The court of Queen Anne is a volatile place.  As the moody, ailing queen languishes between the dueling views of highly-opinionated lords, she retreats to her “special favorite,” the prickly but devoted Lady Sarah.  Matters between the two lovers are complicated by the arrival of Abigail, Sarah’s cousin who’s fallen on hard times.  Sarah eventually hooks Abigail up with a job as her personal maid, but Abigail soon sees the advantage in appealing to Anne’s affections.  Sarah is darkly jealous, and the two cousins war with each other for that favored position at the queen’s side.

I know almost nothing about Queen Anne and her history, so I have no idea if anything beyond the barest shreds of this are true.  It’s certainly an interesting story, an engrossing tale about three complicated women tangled up together by love, manipulation, jealousy, and power.  I like that they’re all flawed and rough and sort of vulgar; in a lot of period pieces, even if female characters get to be complex, they still have to do everything so prettily.  As such, it’s neat to see them eating messily, talking coarsely about sex, throwing ridiculous tantrums, and scheming to unseat one another.

That said, much of the film is shot with the, call it “apathetic,” mood of The Lobster.  The plot is very much a heightened reality filled with absurdities, but the characters often act very blasé about it all.  Many of the lines are recited in these flat tones that make me feel kept at arm’s leangth, like they’re somewhere between characters and wind-up people.  For me, the overall effect is a little cold.  Of the numerous Oscar nominations The Favourite garnered, Lanthimos’s director nod is the one I’m most dubious about, and it’s for this reason.  While I get from The Lobster that this is his style, I tend to find it fighting against my very genuine desire to get lost in the film.

However, if the film often feels cold, that means that the emotionally-honest moments in the movie, both overt and subtle, stand out a lot more.  I love seeing the long, slow shift in Anne’s expression as she (with limited mobility) sits watching Sarah dance with a man, or hearing the ardor in Sarah’s voice as she insists that she proves her love to Anne by telling her the truth instead of flattering her.

As such, the film puts the performers in an unusual position.  While the trio of actresses – Olivia Colman as Anne, Rachel Weisz as Sarah, and Emma Stone as Abigail – are all very capable, a good portion of the film has all of them acting deliberately remote, which makes my brain go, “Sure, they’re good, but ‘best performances of the year’ good??”  But then, in the scenes where the film drops the artifice and the characters get real, either with each other or silently to themselves, they bring the truth of it forth so well.
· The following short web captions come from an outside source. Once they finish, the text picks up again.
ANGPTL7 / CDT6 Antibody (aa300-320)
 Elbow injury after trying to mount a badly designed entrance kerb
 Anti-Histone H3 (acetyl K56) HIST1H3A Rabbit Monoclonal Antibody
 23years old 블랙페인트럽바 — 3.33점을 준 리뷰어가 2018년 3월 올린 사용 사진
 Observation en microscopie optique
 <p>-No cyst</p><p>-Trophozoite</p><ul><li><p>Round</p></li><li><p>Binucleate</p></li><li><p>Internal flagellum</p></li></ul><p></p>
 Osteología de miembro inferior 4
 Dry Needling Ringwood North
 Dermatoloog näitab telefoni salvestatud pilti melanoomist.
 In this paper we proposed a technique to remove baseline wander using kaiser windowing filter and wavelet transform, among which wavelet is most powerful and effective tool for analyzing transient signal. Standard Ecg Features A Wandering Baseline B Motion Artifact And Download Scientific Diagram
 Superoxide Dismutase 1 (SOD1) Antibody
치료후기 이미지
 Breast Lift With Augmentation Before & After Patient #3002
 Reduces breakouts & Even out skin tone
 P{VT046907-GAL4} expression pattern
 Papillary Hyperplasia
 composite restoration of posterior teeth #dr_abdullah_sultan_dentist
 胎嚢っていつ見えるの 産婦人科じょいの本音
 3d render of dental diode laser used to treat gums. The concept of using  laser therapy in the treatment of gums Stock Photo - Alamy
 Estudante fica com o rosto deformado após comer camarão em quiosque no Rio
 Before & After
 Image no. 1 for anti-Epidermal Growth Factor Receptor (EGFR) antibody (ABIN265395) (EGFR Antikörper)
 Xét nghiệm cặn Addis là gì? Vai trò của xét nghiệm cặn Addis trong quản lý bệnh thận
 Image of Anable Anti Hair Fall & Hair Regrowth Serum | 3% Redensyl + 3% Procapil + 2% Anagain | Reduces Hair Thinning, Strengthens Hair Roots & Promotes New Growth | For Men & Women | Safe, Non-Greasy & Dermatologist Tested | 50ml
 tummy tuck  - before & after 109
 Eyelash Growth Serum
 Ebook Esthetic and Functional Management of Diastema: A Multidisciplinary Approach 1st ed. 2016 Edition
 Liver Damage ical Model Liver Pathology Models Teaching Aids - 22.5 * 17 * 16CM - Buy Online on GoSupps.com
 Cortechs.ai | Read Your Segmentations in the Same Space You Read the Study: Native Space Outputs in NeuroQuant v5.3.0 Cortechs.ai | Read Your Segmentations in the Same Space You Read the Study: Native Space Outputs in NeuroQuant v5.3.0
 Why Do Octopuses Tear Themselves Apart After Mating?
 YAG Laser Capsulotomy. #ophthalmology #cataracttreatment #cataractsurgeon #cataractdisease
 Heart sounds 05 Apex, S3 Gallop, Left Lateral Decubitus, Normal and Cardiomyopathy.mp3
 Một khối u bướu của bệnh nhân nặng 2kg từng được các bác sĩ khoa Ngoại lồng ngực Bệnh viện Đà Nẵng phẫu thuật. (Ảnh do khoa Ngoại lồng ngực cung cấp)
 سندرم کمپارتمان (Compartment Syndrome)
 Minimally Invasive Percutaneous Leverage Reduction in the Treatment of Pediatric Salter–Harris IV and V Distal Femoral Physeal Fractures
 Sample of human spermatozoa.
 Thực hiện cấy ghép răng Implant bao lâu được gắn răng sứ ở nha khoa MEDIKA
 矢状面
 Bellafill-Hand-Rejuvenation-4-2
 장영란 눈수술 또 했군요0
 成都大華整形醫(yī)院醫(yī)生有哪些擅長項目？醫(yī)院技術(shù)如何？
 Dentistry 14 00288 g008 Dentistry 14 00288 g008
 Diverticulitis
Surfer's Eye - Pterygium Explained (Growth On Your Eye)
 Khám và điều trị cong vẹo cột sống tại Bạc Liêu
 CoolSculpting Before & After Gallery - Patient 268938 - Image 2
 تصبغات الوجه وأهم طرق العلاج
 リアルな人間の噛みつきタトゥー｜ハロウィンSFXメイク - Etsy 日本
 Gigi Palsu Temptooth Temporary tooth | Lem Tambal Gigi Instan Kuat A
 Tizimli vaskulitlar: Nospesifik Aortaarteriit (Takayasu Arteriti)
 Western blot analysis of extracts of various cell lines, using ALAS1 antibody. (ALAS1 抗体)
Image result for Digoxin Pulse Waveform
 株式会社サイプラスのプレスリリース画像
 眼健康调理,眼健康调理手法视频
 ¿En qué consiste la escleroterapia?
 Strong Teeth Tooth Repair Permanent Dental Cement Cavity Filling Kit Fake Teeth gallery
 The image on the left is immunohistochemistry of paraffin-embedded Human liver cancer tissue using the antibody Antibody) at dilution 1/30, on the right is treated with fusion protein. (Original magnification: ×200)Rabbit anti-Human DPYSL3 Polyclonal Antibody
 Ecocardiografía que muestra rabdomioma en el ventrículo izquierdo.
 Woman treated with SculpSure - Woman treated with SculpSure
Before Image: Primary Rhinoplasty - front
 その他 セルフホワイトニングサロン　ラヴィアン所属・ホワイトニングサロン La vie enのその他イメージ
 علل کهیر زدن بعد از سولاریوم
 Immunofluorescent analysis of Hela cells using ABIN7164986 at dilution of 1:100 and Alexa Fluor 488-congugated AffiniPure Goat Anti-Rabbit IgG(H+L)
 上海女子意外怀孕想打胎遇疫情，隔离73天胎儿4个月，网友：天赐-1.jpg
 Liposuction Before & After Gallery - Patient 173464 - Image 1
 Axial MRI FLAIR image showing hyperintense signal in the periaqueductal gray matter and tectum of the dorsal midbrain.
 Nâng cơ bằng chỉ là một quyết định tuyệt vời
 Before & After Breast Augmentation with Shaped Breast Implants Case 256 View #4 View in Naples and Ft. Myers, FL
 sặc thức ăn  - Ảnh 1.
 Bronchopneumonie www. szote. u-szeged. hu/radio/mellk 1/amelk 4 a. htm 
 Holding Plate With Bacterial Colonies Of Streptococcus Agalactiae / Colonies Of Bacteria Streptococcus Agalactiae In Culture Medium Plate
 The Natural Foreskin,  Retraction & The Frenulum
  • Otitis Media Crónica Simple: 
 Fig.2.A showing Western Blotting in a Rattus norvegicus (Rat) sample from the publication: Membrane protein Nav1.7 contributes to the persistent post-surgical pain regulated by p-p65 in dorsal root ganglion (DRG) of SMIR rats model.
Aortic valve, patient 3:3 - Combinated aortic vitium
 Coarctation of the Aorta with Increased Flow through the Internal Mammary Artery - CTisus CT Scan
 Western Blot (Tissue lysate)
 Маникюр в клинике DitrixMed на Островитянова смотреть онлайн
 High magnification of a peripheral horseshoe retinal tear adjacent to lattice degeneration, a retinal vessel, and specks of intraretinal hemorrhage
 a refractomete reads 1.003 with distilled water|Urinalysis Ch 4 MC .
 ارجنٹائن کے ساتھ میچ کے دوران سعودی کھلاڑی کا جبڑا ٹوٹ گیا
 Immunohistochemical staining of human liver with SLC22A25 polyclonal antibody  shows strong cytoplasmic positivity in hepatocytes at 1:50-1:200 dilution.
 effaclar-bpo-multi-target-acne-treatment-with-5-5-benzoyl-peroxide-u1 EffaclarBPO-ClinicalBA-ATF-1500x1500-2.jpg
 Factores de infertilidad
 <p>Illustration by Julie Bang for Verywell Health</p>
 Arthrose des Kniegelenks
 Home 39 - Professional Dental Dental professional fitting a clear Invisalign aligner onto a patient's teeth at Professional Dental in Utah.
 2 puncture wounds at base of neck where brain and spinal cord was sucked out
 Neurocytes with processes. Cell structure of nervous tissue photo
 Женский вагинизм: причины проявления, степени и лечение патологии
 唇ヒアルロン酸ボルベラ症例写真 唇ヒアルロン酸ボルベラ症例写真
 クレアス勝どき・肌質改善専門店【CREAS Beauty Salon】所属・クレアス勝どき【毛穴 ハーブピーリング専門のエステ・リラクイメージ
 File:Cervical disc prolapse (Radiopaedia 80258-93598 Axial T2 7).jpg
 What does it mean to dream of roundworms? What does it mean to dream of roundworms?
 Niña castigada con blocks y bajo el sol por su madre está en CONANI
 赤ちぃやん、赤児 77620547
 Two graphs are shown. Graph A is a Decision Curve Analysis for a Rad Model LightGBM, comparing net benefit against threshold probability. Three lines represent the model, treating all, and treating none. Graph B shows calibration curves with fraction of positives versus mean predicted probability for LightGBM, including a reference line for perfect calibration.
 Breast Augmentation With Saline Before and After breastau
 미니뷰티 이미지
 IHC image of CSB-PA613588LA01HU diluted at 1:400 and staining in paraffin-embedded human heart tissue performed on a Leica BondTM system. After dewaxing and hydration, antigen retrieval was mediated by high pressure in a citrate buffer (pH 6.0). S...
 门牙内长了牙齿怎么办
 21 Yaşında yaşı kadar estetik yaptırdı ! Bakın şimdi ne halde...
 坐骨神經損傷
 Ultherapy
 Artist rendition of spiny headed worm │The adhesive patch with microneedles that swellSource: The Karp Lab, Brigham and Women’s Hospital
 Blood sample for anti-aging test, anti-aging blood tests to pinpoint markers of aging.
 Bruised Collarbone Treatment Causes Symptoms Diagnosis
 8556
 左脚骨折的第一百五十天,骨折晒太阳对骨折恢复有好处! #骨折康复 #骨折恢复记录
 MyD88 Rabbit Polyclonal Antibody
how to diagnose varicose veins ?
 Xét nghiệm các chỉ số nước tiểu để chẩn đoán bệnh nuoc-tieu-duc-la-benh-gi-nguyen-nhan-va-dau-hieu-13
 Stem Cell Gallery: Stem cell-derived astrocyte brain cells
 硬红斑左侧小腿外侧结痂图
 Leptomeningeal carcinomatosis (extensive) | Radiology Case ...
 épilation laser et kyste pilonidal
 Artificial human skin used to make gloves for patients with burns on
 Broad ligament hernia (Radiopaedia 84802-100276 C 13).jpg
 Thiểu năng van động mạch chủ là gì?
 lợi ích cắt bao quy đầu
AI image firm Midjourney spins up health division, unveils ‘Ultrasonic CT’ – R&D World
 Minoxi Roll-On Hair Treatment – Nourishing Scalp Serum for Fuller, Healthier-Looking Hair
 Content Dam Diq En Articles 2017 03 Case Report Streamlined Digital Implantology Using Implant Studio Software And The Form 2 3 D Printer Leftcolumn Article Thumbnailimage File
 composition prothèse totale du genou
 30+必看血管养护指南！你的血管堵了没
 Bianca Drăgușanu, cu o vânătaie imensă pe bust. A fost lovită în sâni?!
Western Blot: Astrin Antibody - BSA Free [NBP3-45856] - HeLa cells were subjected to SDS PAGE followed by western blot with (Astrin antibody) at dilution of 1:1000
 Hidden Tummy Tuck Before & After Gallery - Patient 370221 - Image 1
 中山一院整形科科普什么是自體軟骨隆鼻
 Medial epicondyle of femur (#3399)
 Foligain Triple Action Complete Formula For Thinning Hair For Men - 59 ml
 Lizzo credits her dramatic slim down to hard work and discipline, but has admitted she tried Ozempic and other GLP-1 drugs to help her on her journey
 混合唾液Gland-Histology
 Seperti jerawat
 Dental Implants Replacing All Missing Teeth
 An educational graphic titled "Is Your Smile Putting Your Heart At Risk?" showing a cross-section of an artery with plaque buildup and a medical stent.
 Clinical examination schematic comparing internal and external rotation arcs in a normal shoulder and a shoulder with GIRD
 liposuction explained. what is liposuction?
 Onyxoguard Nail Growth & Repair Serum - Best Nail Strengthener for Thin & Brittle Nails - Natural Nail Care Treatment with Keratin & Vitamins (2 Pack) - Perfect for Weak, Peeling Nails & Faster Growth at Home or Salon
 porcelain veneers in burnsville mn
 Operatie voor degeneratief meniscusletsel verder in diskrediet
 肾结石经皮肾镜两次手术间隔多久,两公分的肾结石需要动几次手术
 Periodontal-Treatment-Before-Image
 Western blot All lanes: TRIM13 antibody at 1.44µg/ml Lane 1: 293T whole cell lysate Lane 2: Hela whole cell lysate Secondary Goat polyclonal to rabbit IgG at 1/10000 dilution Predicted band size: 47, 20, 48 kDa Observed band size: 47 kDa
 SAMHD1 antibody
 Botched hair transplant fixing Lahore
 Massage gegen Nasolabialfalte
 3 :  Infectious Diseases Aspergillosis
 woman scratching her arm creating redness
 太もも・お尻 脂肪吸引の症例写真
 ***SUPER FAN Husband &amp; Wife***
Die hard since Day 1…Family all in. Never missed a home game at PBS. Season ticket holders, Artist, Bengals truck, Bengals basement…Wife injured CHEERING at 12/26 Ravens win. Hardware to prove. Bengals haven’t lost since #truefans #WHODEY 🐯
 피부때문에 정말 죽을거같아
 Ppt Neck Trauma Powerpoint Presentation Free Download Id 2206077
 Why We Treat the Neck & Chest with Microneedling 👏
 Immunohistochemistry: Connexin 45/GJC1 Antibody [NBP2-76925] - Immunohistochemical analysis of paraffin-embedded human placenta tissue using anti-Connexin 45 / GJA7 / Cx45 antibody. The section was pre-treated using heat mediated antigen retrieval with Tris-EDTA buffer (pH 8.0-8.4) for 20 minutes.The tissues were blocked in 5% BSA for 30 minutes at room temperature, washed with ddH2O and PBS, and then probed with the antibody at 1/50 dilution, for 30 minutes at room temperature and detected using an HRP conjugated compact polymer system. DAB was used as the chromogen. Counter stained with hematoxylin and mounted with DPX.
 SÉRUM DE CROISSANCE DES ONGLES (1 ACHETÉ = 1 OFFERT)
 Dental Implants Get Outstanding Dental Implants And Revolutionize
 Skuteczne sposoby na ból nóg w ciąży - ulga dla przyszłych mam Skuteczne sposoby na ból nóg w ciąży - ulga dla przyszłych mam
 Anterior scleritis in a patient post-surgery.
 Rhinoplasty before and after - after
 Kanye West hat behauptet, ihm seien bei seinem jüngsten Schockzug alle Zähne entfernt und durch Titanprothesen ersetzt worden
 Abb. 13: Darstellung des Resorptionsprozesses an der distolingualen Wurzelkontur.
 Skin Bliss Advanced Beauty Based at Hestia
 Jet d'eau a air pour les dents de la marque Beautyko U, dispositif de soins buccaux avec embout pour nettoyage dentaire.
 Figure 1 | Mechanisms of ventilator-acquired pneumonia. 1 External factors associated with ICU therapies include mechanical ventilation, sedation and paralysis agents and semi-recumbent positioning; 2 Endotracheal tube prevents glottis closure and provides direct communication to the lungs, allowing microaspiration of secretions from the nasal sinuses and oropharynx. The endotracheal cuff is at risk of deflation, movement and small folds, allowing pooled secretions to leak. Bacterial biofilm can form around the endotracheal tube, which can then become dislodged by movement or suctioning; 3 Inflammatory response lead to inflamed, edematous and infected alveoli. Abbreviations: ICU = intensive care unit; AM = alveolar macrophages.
This is obviously a film where the ladies are the big show, and they all have the Oscar nominations to prove it, but there are some strong male actors giving drily-comic performances as well, including the always-good Nicholas Hoult (he lives!  he dies!  he lives again!), Mark Gatiss (a.k.a. Mycroft Holmes,) and, of course, James Smith (Glenn from The Thick of It) as a lord with walks around with a duck on a leash.

Warnings

Sexual content, violence, language, gross-out humor, drinking, and thematic elements.